Better approach: Instrument every operation with request rate, error rate (4xx vs 5xx), latency at P50/P95/P99/P999, and downstream dependency health. Set alert thresholds below your SLA, e.g. if P99 SLA is 500ms, alert at 400ms.

6.8 No “Big Red Button” and Missing Emergency Rollback

This occurs when there is no fast path to revert a bad deployment. Configuration changes require a full deployment to roll back. No tested runbook.

Better approach: Feature flags togglable without deployment (tested weekly). Sub-5-minute rollback pipeline. Pre-tested load shedding with documented decision thresholds. Runbooks practiced in drills, not just read.

6.9 Backup Communication Channels Not Tested

Incident response plans rely on Slack to coordinate a Slack outage. Runbooks stored in Confluence, down when cloud IAM is broken. For example, Google’s 2017 OAuth outage logged 350M users out of devices and services. Teams expected to coordinate via Google Hangouts, which was also down. Incident coordination was hampered by the incident. Recovery took 12 hours.

6.10 Phased Deployment Anti-Patterns and Missing Automation

This occurs when you deploy globally in a single wave. Rollback criteria is “wait and see.” Canary populations too small. Rollback requires human decision-making at 3 AM. I wrote about Mitigate Production Risks with Phased Deployment that shows how phased deployment can mitigate production releases. Automated phased deployment:

1. Deploy 1-5% canary
2. Run automated integration tests against canary
3. Monitor SLA metrics for bake period (10 minutes)
4. Auto-rollback if any threshold breaches without human intervention
5. Promote to next fault boundary only on clean bake

Section 7: Security, Data Privacy & Lifecycle Anti-Patterns

7.1 Missing Boundary Validation: Specs That Don’t Enforce

In this case, an OpenAPI spec exists but is not enforced at runtime and is documentation only. A proto definition marks fields as optional but the service processes requests where required fields are absent and produces undefined behavior. Input validation is implemented inconsistently in business logic rather than at the API boundary.

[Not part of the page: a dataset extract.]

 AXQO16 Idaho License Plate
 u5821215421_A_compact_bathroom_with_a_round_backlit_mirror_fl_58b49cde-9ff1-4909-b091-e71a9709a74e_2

Better approach: Enforce the spec at the boundary. For OpenAPI/REST: Use middleware that validates every request against the OpenAPI schema before it reaches business logic. Libraries like express-openapi-validator (Node.js), connexion (Python), or API Gateway request validation do this. Every field type, pattern, range, and required constraint in the spec is automatically enforced.

# openapi.yaml — enforced at runtime, not just documentation
components:
  schemas:
    CreateOrderRequest:
      type: object
      required: [customer_id, items]
      properties:
        client_token:
          type: string
          minLength: 16
          maxLength: 128
        customer_id:
          type: string
          pattern: '^cust-[a-z0-9]{8,}$'
        items:
          type: array
          minItems: 1
          maxItems: 100
          items:
            $ref: '#/components/schemas/OrderItem'

For gRPC/Protobuf: Use protoc-gen-validate (PGV), a protobuf plugin that generates validation code from annotations in your .proto files:

import "validate/validate.proto";

message CreateOrderRequest {
  // clientToken: optional but if present must be 16-128 printable ASCII chars
  optional string client_token = 1 [(validate.rules).string = {
    min_len: 16, max_len: 128
  }];

  // customer_id: required, must match pattern
  string customer_id = 2 [(validate.rules).string = {
    pattern: "^cust-[a-z0-9]{8,}$",
    min_len: 1
  }];

  // items: required, 1-100 items
  repeated OrderItem items = 3 [(validate.rules).repeated = {
    min_items: 1, max_items: 100
  }];
}

message OrderItem {
  string product_id = 1 [(validate.rules).string.min_len = 1];

  // quantity: must be positive
  int32 quantity = 2 [(validate.rules).int32.gt = 0];

  // price: must be non-negative
  double unit_price = 3 [(validate.rules).double.gte = 0.0];
}

This enforces validation at the boundary, before your business logic runs, using the same .proto file that is your source of truth. No duplicate validation code. No inconsistency between the spec and the enforcement.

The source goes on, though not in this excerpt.